Jako dwudziestoparolatek, już rycerz zakonny, wrócił w rodzinne strony. Mniej więcej wtedy, w 1249 r., po wieloletnich zmaganiach z najeźdźcą przedstawiciele pruskich plemion w obecności legata papieskiego podpisali z Krzyżakami w Christburgu (dzisiejszym Dzierzgoniu) dekret pokojowy. Prusowie zobowiązywali się m.in. do porzucenia pogańskich praktyk, wyrzeczenia się wielożeństwa i odbudowania zniszczonych kościołów. Zakon zaś miał ochraniać pruskich poddanych. To przyrzeczenie Krzyżacy jednak notorycznie łamali. Zdaniem Jerzego Necia, historyka i autora monografii o życiu Herkusa Montego, zakon sprowokował bunt, by dokonać fizycznej eliminacji Prusów, gdyż układ dzierzgoński mógł się stać "zaczątkiem budowy chrześcijańskiego państwa w Prusach, ale bez udziału rycerzy-mnichów".
W 1260 r. wybuchło antykrzyżackie powstanie. Jego bezpośrednią przyczyną było podstępne wymordowanie członków pruskiej starszyzny, która przybyła negocjować z rycerzami zakonu. 13 lipca tego samego roku Żmudzini, pobratymcy Prusów, zadali rycerzom zakonnym druzgocącą klęskę nad jeziorem Durbe w Liwonii (Inflanty). Wtedy właśnie Henryk Herkus Monte przeszedł na stronę swoich rodaków. Na początku walki z zakonem nie zamierzał się jednak wyrzekać chrześcijaństwa. Wysłał petycję do papieża Urbana IV. Opisał bestialstwo Krzyżaków i prosił o poparcie dla swojego ludu, uroczyście oddając go pod opiekę papieską. Petycja pozostała bez odpowiedzi. Rozgoryczony Henryk Herkus zwrócił się znów do swych dawnych bogów. Stał się na powrót Herkusem - walecznym wodzem plemienia Natangów.
Powiesić legendę
W pierwszej fazie powstania (nazywanego drugim powstaniem pruskim) Prusowie niemal osiągnęli zwycięstwo. 20 września 1260 r. wszystkie plemiona pruskie uderzyły jednocześnie, co całkowicie zaskoczyło Krzyżaków. Zanim zakonowi udzielono pomocy z Zachodu, prawie cały kraj został wyzwolony. Oparły się jedynie załogi zamków utrzymujących kontakt ze światem drogą morską - Królewca, Bałgi, Elbląga oraz jedyna twierdza w głębi pruskiego terytorium - Bartenstein (zamek bartoszycki padł w końcu po trzech latach). Natangia była wolna!

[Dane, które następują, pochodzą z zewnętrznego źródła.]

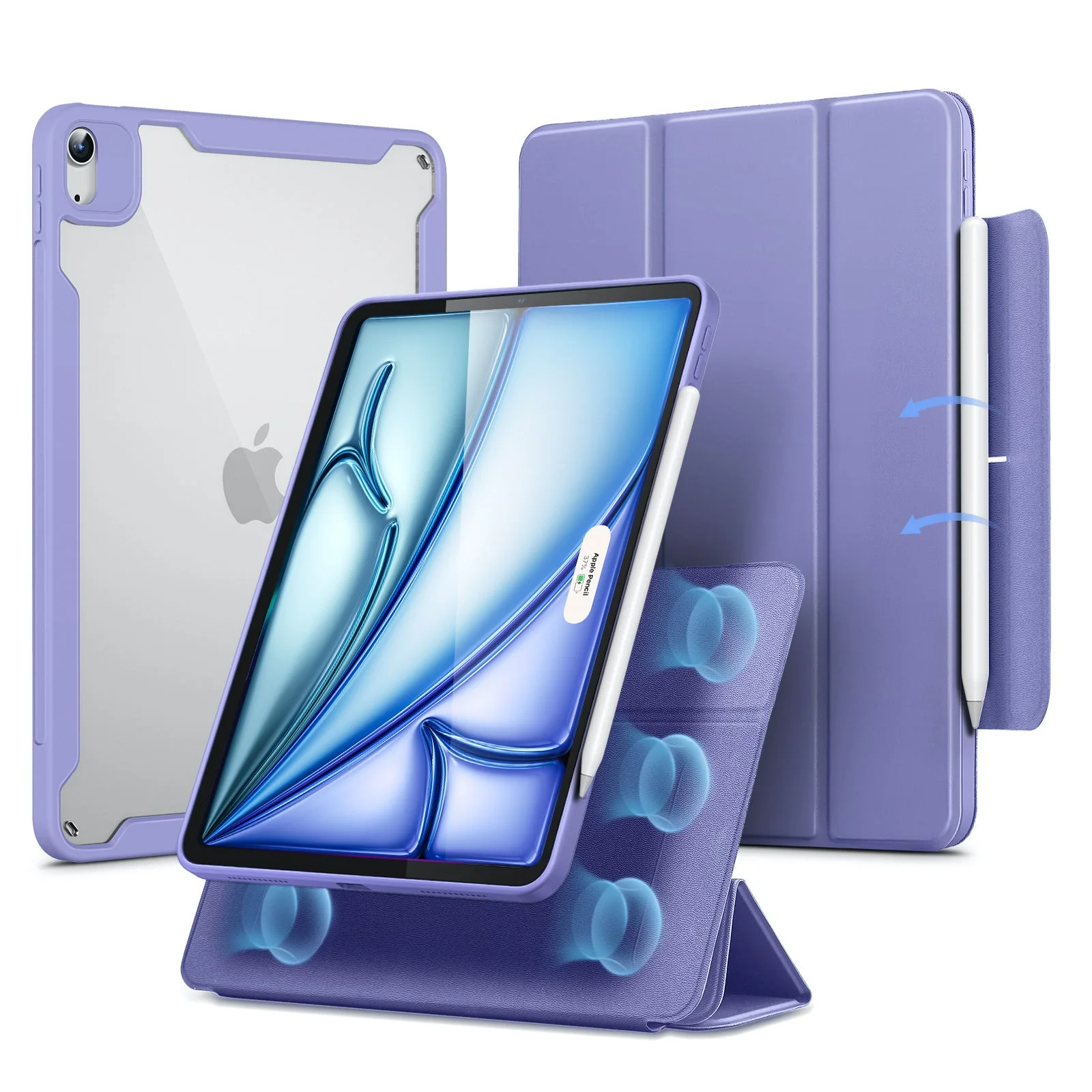 iPad Air 11ʺ (2024), Air 10.9ʺ (5th/4th Gen) Rebound Hybrid Case 360 - Purple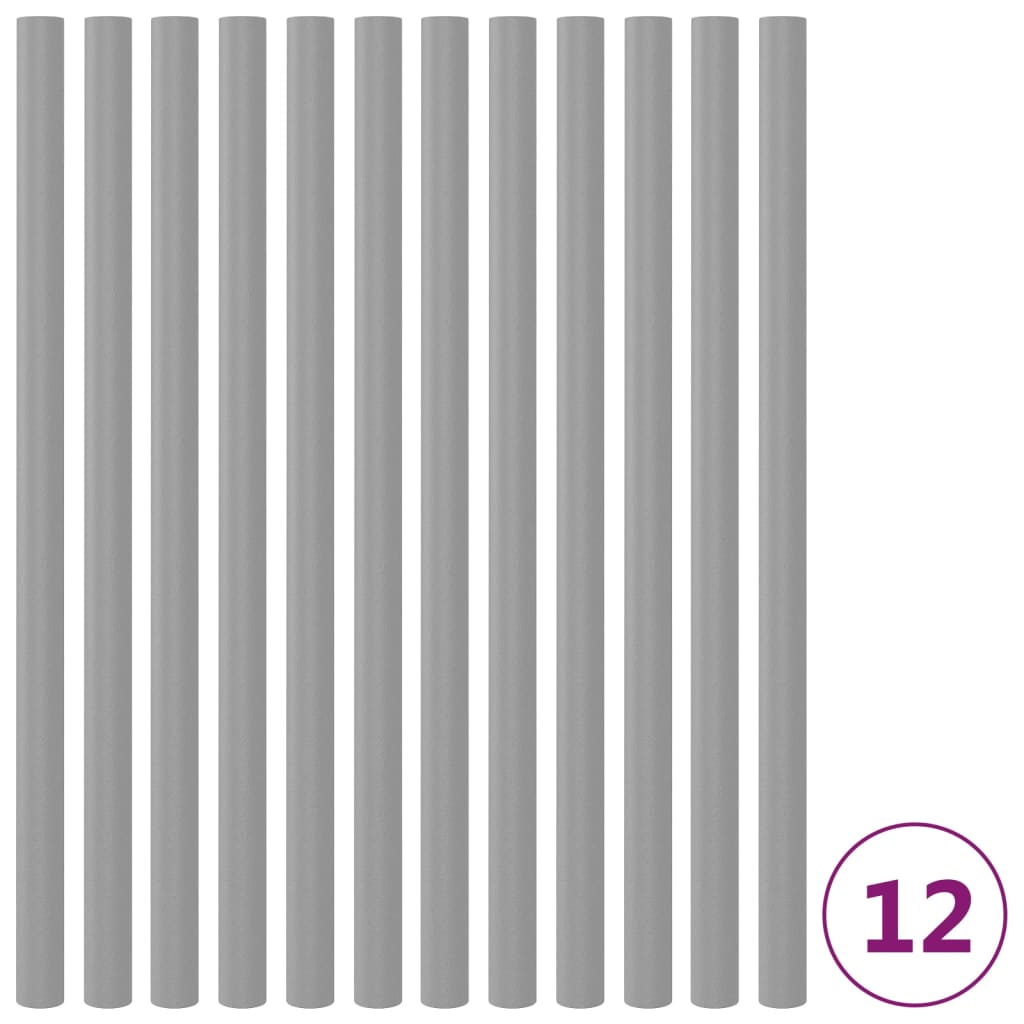 Προστατευτικά Αφρού για Στύλο Τραμπολίνου 12 τεμ. Γκρι 92,5 εκ - Pakobazaar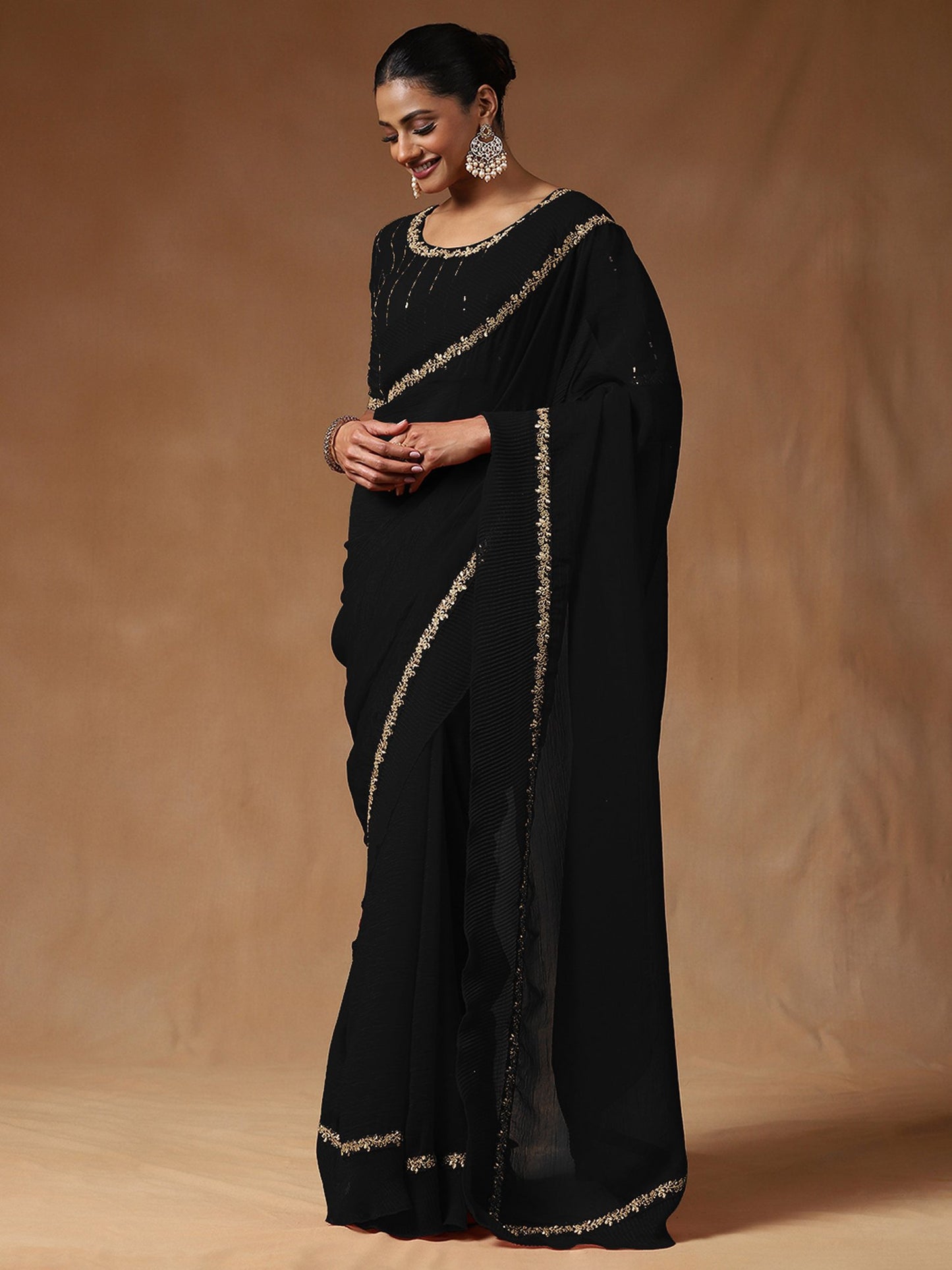 partywear designer saree for festive occasions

Pobici Krzyżacy zaczęli się uciekać do podstępów. Przekupywali niektórych Prusów nadaniami ziemi w zamian za wpuszczenie za bramy warowni. Henryk Monte nie pozostawał im dłużny. W stroju rycerza zakonu przybywał do twierdz i siedzib krzyżackich i wyprowadzał braci na pewną śmierć albo do niewoli. Przez siedem lat armia Herkusa nie dopuszczała wrogów na swój teren, ale potem sytuacja zaczęła się zmieniać. Zakon zakończył wojnę z księciem pomorskim Świętopełkiem, Krzyżaków zaczęli wspierać Polacy zaniepokojeni wdzieraniem się Prusów na ziemię chełmińską. Prusowie nadal jednak trzymali się mocno. Na Natangów uderzyły świetnie wyszkolone posiłki czeskie, ale nawet one nie poradziły sobie z wojownikami Herkusa. Krzyżacy wiedzieli jedno: po śmierci wodza Prusowie wpadną w popłoch. Dowiedziawszy się przez szpiegów, gdzie zatrzymał się Herkus, porwali go, a potem publicznie powiesili (ten rodzaj śmierci był uznawany przez Prusów za szczególnie hańbiący). Po uduszeniu kat przebił jeszcze dla pewności serce Herkusa sztyletem.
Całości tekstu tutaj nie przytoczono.